Wednesday, 13 March 2019
When butter prices fall, we add more volume to butter sales than we lose when butter prices rise. There is a strong relationship between the price of block butter and the amount sold but consumers are more sensitive to price changes when prices are falling, compared with when prices are rising.
Wholesale butter prices rose sharply, starting in the summer of 2016, driven by a shortage of butterfat in the market. This fed through to retail prices, which began rising in the autumn. Prior to this, retail prices had been in a period of steady decline, which saw more shoppers picking up butter for their baskets, and buying butter more frequently.
During the period when prices were falling (January 2015 to October 2016), a small decrease in price resulted in a large increase in volume sold. Once prices started rising, the relationship between price and volume was different – in that a large increase in price resulted in a small decrease in volume sold.

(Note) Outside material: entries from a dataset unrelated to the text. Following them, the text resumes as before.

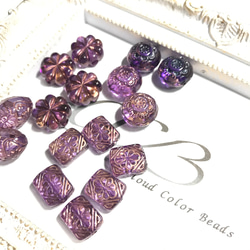 Creema限定 手染めビーズ 【Purple】アンティーク調ビーズ　単色カラーセット 3枚目の画像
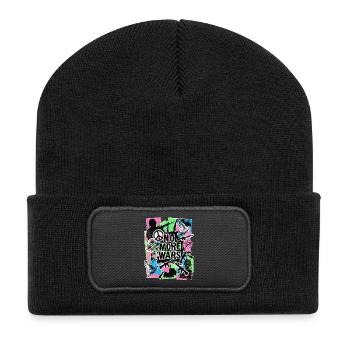 Peace Nie Wieder Krieg - Recycelte Patch Beanie - Schwarz - Vorne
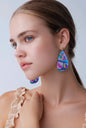 Unique Colorful Teardrop Earrings/Bohemian Art-Inspired Earrings/Abstract Design Polymer Clay Earrings/Swirl Design Polymer Earrings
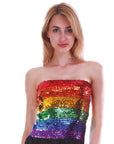Adult Sequin Bandeau Tube Top (Rainbow)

With falling prices, shoppers began to buy butter more frequently and this remained high even after prices began to rise. The category is also now promoted less: prior to the start of price rises, approximately 40% of block butter was sold under promotion, now it has reduced to only about 16%.
What next for butter prices?
The upwards pressure on butter prices has eased recently. Wholesale prices have fallen back from their 2017 peak but are expected to remain at historically high levels this year, although Brexit adds to uncertainty.

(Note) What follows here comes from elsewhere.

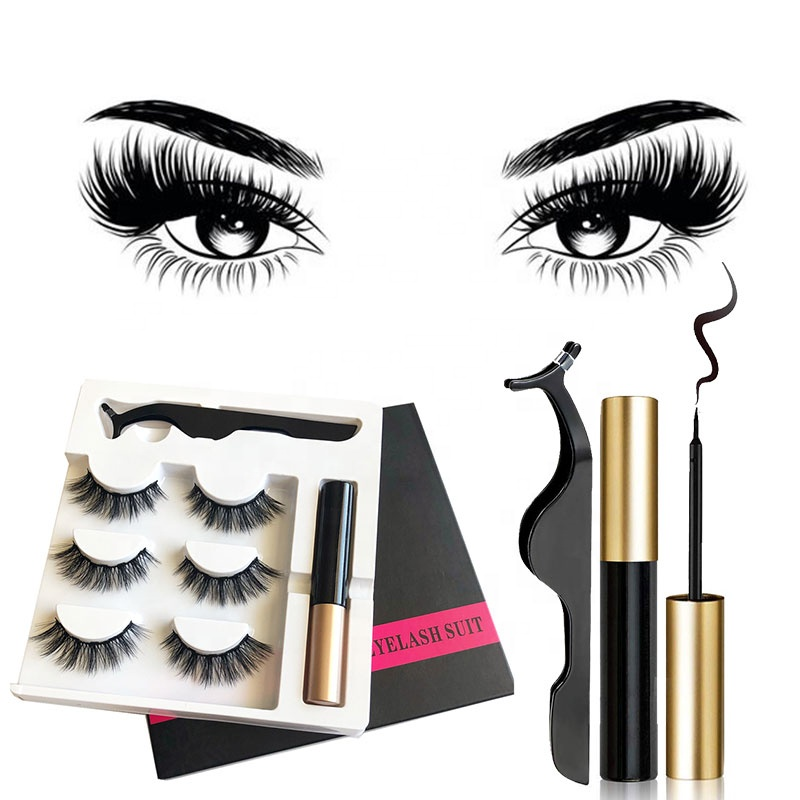 New Style 3D Magnetic Lash Kit with Magnetic Eyeliner Glue Pen in a Lash Box 3 Pairs Magnetic False lashes Set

However, price is not the only determinant of butter sales. Fat is no longer as demonised as it once was; health focus has now shifted to sugar. We have also seen butter benefit from a trending preference for diets that feel natural and less processed, leading consumers to switch back from margarine to the good stuff, even as prices climb. However, in an environment of continuing high prices, to retain category value there is a clear need to continue to promote the taste and health credentials of butter above cheaper alternatives.